Si este barrunto llega,….. es el momento de sacudirse la modorra que genera la combustión de las velas y plantarse ante cada símbolo desde la sinceridad con uno mismo y la confianza en los hermanos y hermanas.
De todos los símbolos hemos vertido ríos de tinta,… pero es la hora de la exigencia. Es la hora de destilar el pensamiento y percibir el chispazo de nuestras neuronas antes de que empiecen a pensar, antes de se empiecen a encontrar explicaciones,… antes de que empiecen a acomodarnos en el discurso dominante.
Cada símbolo tiene que volver a brillar como si estuviera recién pulido. Olvidemos lo que sabemos (o creemos saber) y dejémonos interpelar por los símbolos con toda la crudeza de la naturaleza en libertad. Con todo el vigor del torrente que se deshiela en el glaciar. Recuperar el aire limpio nos obliga a ascender a las cumbres, nos obliga al esfuerzo y a la confianza en quien nos acompaña. Ni la ascensión a las cimas, ni el trabajo simbólico se pueden hacer en soledad. La soledad multiplica el riesgo en uno y otro caso. En ambas ascensiones necesitamos del otro que nos asegura con su propio cuerpo, que lleva en su mochila nuestro sustento y que en los momentos en que el ánimo flaquea sabe convencernos para continuar la ascensión y sabe convertir la repisa rocosa en un vivac de esperanza. Con los fríos del amanecer y el sudor del esfuerzo nos desprendemos del “TENER” y vamos encontrando un poco más de “SER”.

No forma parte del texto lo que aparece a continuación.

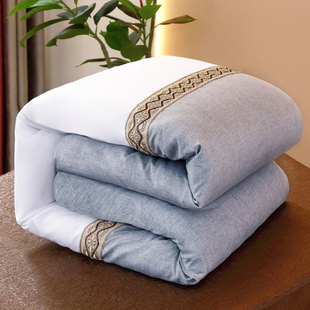 足浴足疗专用被子美容按摩推拿理疗可拆洗被套被罩洗浴棉被可定制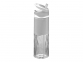 Бутылка спортивная «Radius», прозрачный/серый, материал Eastman tritan™ без БФА - 1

Si hablamos “del otro” y de “tener y de ser”,… parece que el primer símbolo para repasar en este camino de reencuentro, debe ser el TRONCO DE LA VIUDA. Es un símbolo quizá, de puro repetido, poco percibido en el desarrollo ritual cotidiano y no será porque en la propia ceremonia de iniciación no se le de fuerza. La ceremonia de la generosidad sometida a medida,… es una enseñanza importante y al mismo tiempo un patrón de conducta tanto para la vida profana como para el tiempo sagrado que compartimos y que da forma a nuestra vida.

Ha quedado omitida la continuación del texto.